PHILADELPHIA (AP) A quirky schedule meant the Philadelphia Eagles had little time to celebrate a rare win.

Less than 24 hours after Nick Foles led a remarkable 23-21 comeback victory at Tampa Bay, the Eagles (4-9) were back on the practice field for a walkthrough Monday afternoon. With a game against the Cincinnati Bengals (7-6) coming up Thursday night, the Eagles couldn't bask in the glow of their first win in more than two months.

``They don't happen a whole lot, but when they do there is something very special,'' Foles said of winning. ``It's a great feeling for the team. I think the big thing is, it's a great thing for the team sticking together. We can build off of this.''

While the Eagles went back to work, at least their frustrated fans had a chance to reflect on some positives for change. The Eagles had lost eight straight games since beating the New York Giants on Sept. 30.

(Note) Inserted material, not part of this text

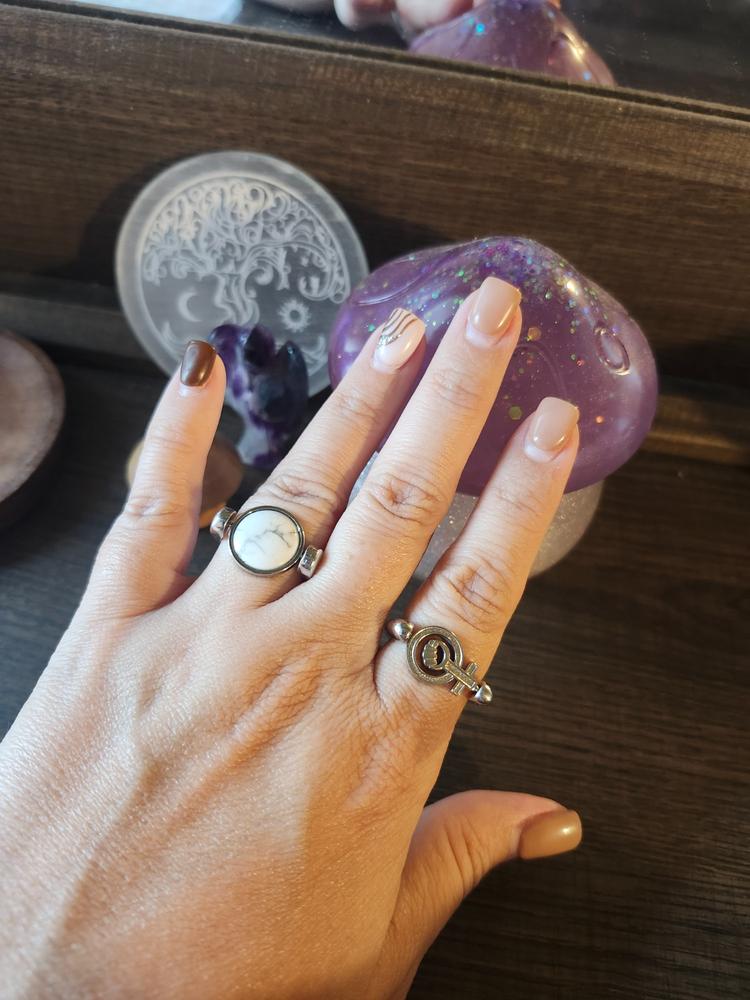 Howlite Round Crystal Element - Customer Photo From Sacha M Soto Marrero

Foles, making his fourth start since Michael Vick sustained a concussion, made sure the losing streak didn't stretch to nine, which would've been the longest in franchise history since 1940. Foles was 32 of 51 for 381 yards with two touchdown passes and one rushing. He set the franchise's single-game rookie passing records for completions and yards.

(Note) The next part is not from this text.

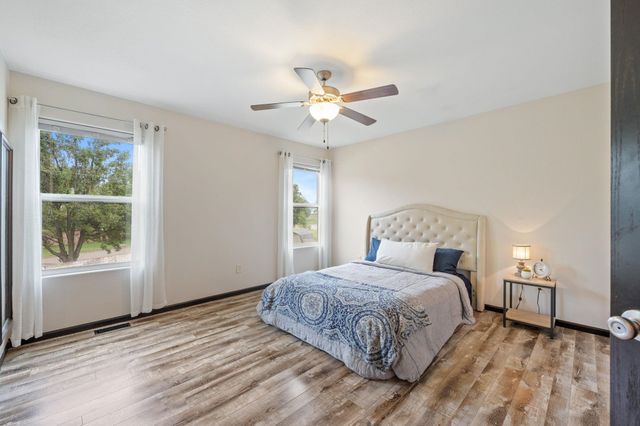 912 Sandalwood Cir, Augusta, KS 67010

More impressive than the statistics was the poise Foles showed in leading the team back from an 11-point fourth-quarter deficit. His last two throws were the type of plays expected from a veteran QB.

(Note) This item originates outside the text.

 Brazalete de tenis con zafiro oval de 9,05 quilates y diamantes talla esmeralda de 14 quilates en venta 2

On fourth-and-5 from the Buccaneers 23, Foles fired a perfect strike to Jason Avant in traffic over the middle. Avant was tackled at the 1, but the Eagles had no timeouts remaining and the clock was ticking. Foles quickly hurried the offense to the line of scrimmage and spiked the ball with 2 seconds left.

Foles then walked over to coach Andy Reid during the stoppage and told him the play he wanted to run. Reid agreed. Foles took the snap, rolled out to the right and tossed a 1-yard TD pass to Jeremy Maclin for the win.

``He was feeling it, and it's a great thing when your quarterback is in tune like that. I'm proud of the kid,'' Reid said. ``He made some big throws. It looked like he rallied the crew in there, made good decisions and made some big plays. To do that, I thought he showed great intestinal fortitude and desire and all those intangible things you look for.''

It was a huge step toward showing all of Philadelphia that he can be the quarterback of the future. Vick is close to returning to practice, but Reid already said Foles will start the rest of the way.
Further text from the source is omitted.